Jan Gossart (Netherlandish, ca. 1478–1532)
Pen and two colors of light brown ink, over remains of black chalk, on vellum
6 1/8 x 5 in. (15.6 x 12.7 cm)
Purchase, Eugene V. Thaw Gift, 2001 (2001.190)
In this drawing, Gossart depicted the Holy Family sitting on a bench next to a tree, of which we can see only the trunk. The Virgin Mary dangles the naked Christ Child on her lap as he turns his head to look at us. Next to them is Joseph, who offers Mary a flower. Gossart paid a great deal of attention to the drapery folds. Their detailed execution and almost sculptural quality are in contrast to the sketchier, less-worked-out figures.

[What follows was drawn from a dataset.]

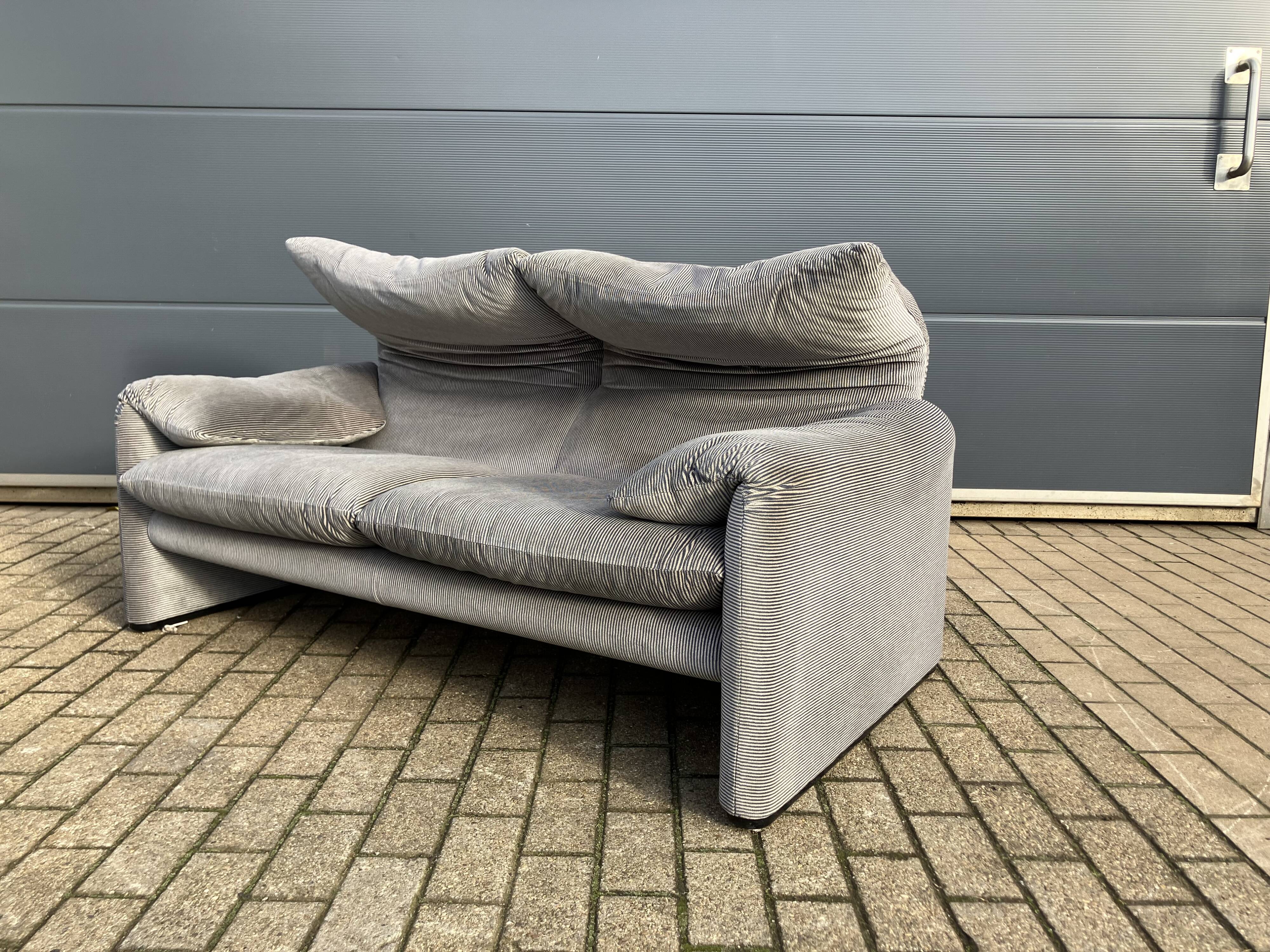 Cassina Maralunga 2 seater sofa, light gray Vico Magistretti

In the background, faint lines seem to indicate first thoughts for a possible architectural setting. The exquisite drawing might have been a preliminary study for an unidentified painting or print. Another possibility is that the drawing was meant to be an independent work, but for an unknown reason the artist left it unfinished. Among the most technically virtuous artists of the early sixteenth century and one of the earliest exponents of Antwerp Mannerism, Gossart worked for a number of influential courts and patrons, including Philip of Burgundy, Adolf of Burgundy, and Christian II, king of Denmark.